DIRECTIONS: Copy the records that follow exactly, leaving nothing out.

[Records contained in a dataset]
——
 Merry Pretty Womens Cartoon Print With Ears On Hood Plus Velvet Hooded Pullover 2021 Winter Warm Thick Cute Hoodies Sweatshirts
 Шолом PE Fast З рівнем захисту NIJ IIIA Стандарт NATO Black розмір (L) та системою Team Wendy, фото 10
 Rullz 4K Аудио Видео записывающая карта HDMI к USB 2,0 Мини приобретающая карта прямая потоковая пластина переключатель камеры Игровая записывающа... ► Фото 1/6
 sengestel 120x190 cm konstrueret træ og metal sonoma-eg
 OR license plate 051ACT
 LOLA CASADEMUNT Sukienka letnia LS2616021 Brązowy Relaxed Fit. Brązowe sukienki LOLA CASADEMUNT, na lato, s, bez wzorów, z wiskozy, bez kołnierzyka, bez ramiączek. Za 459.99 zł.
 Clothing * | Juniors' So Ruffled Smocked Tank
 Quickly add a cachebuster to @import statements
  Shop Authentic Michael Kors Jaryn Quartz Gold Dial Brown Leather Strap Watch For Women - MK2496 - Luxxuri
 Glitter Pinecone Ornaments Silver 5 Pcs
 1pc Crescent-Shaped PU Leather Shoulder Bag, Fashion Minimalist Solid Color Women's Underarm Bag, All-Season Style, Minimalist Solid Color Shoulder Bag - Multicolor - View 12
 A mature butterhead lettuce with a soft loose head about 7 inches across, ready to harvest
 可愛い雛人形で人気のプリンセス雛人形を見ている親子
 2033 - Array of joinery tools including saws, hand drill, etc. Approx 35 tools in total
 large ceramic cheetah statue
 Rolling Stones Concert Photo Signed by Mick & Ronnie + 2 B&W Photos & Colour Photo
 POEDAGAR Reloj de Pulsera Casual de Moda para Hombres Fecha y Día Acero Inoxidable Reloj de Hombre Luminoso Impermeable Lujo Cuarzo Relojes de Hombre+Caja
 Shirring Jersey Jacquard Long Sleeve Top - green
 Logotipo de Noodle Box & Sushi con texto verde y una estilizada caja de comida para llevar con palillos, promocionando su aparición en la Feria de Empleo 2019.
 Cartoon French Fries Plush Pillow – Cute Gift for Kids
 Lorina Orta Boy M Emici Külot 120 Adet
——
ANSWER TO THE PROBLEM:
 Merry Pretty Womens Cartoon Print With Ears On Hood Plus Velvet Hooded Pullover 2021 Winter Warm Thick Cute Hoodies Sweatshirts
 Шолом PE Fast З рівнем захисту NIJ IIIA Стандарт NATO Black розмір (L) та системою Team Wendy, фото 10
 Rullz 4K Аудио Видео записывающая карта HDMI к USB 2,0 Мини приобретающая карта прямая потоковая пластина переключатель камеры Игровая записывающа... ► Фото 1/6
 sengestel 120x190 cm konstrueret træ og metal sonoma-eg
 OR license plate 051ACT
 LOLA CASADEMUNT Sukienka letnia LS2616021 Brązowy Relaxed Fit. Brązowe sukienki LOLA CASADEMUNT, na lato, s, bez wzorów, z wiskozy, bez kołnierzyka, bez ramiączek. Za 459.99 zł.
 Clothing * | Juniors' So Ruffled Smocked Tank
 Quickly add a cachebuster to @import statements
  Shop Authentic Michael Kors Jaryn Quartz Gold Dial Brown Leather Strap Watch For Women - MK2496 - Luxxuri
 Glitter Pinecone Ornaments Silver 5 Pcs
 1pc Crescent-Shaped PU Leather Shoulder Bag, Fashion Minimalist Solid Color Women's Underarm Bag, All-Season Style, Minimalist Solid Color Shoulder Bag - Multicolor - View 12
 A mature butterhead lettuce with a soft loose head about 7 inches across, ready to harvest
 可愛い雛人形で人気のプリンセス雛人形を見ている親子
 2033 - Array of joinery tools including saws, hand drill, etc. Approx 35 tools in total
 large ceramic cheetah statue
 Rolling Stones Concert Photo Signed by Mick & Ronnie + 2 B&W Photos & Colour Photo
 POEDAGAR Reloj de Pulsera Casual de Moda para Hombres Fecha y Día Acero Inoxidable Reloj de Hombre Luminoso Impermeable Lujo Cuarzo Relojes de Hombre+Caja
 Shirring Jersey Jacquard Long Sleeve Top - green
 Logotipo de Noodle Box & Sushi con texto verde y una estilizada caja de comida para llevar con palillos, promocionando su aparición en la Feria de Empleo 2019.
 Cartoon French Fries Plush Pillow – Cute Gift for Kids
 Lorina Orta Boy M Emici Külot 120 Adet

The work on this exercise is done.